Prozeß: Auftakt im Verfahren gegen die Eltern der kleinen Jessica - Die siebenjährige war qualvoll in einem abgedunkelten Verlies in Jenfeld verhungert. Fünf Jahre wurde das Mädchen gequält - Staatsanwaltschaft spricht von Mord durch Unterlassen.

Da huscht sie in den Gerichtssaal, eine Kapuze tief ins Gesicht gezogen, den Kopf gesenkt. Ihren Lebensgefährten Burkhard M. sieht Marlies S. nicht an. Denn dazu müßte sie den Kopf wenden, Dann würden die Zuschauer hinten im Raum etwas von ihrem Gesicht sehen. Unerkannt, unsichtbar zu bleiben, das scheint für die 36jährige, die ihre sieben Jahre alte Tochter Jessica jahrelang in Dunkelhaft hielt, die sie quälte und verhungern ließ, erst mal das Wichtigste zu sein an diesem ersten Verhandlungstag vor dem Schwurgericht. Ist es Scheu, die Marlies S. leitet, die Verlegenheit, sich den Blicken der Prozeßbeobachter stellen zu müssen? Oder ist es vielleicht auch Scham? Schuldgefühle, daß ihre Tochter nach jahrelangem qualvollen Leiden starb, zuletzt nur 9,6 Kilo wog? Ein Kind, das vor Hunger und Verzweiflung seine eigenen Haare und Teppichreste aß.
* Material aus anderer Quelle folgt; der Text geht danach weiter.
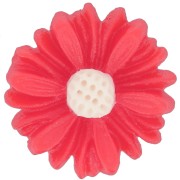 Cabochon fleur en résine 13 mm - Rouge - Blanc x1|raw }}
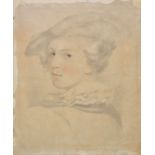 *English School. Head of a Page Boy, probably 18th or early 19th century, fine pencil on paper, with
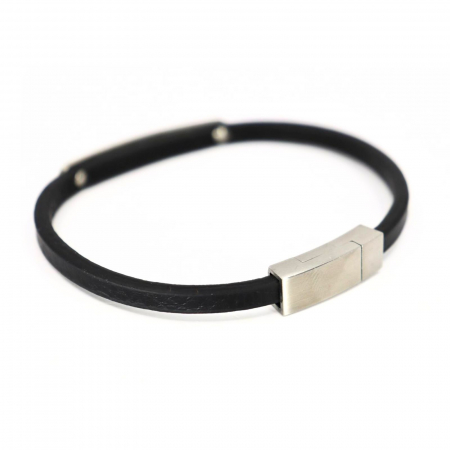 Brățară Piele Bărbați cu Plăcuță Personalizată Inox, Închidere Magnetică [1]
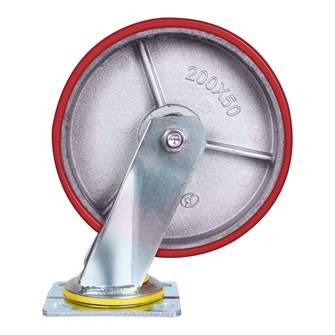 Большегрузное колесо с полиуретановой шинкой С-4102-DUS поворотное, без тормоза, г/п 1100 кг 290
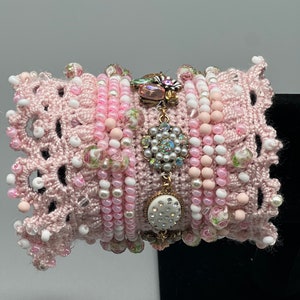 Beaded crochet lace cuff- pink flowers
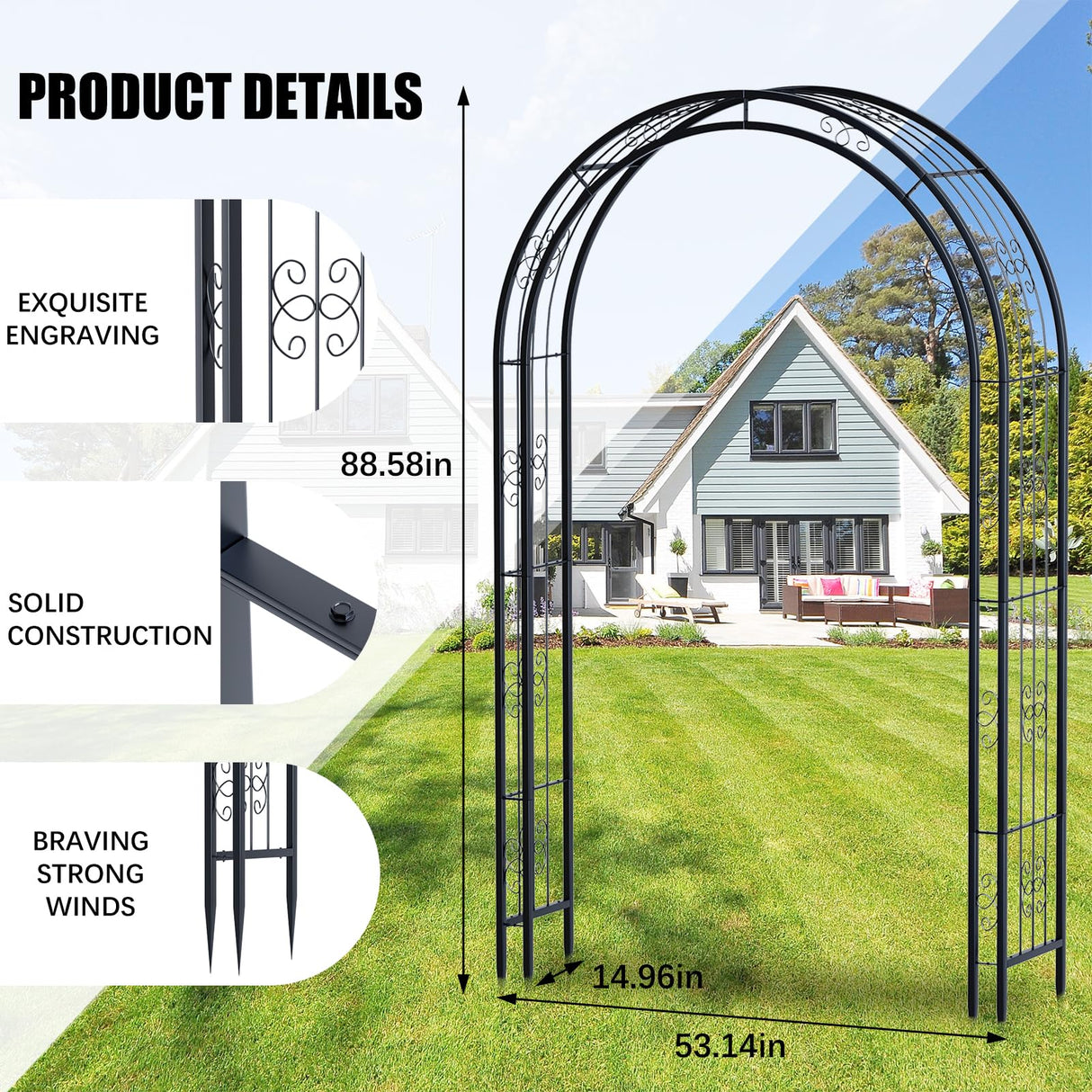 Arbuxzuy 7ft Steel Garden Arch Trellis for Climbing Plants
Es geht vor Gericht um ein furchtbares Verbrechen, um die juristische Aufarbeitung des jahrelangen Martyriums eines Mädchens. Von Grausamkeit spricht die Staatsanwaltschaft in ihrer Anklage gegen die 36 Jahre alte Marlies S. und deren 49 Jahre alten Lebensgefährten Burkhard M. Mord durch Unterlassen und Mißhandlung von Schutzbefohlenen wirft die Anklage den Eltern der Siebenjährigen vor. Die berufslose Frau und der arbeitslose Maler sollen das Mädchen fast fünf Jahre lang gequält haben. Ihr Zimmer war ein Verlies mit verdunkelten Scheiben, mit abgedrehter Heizung, ohne Toilette.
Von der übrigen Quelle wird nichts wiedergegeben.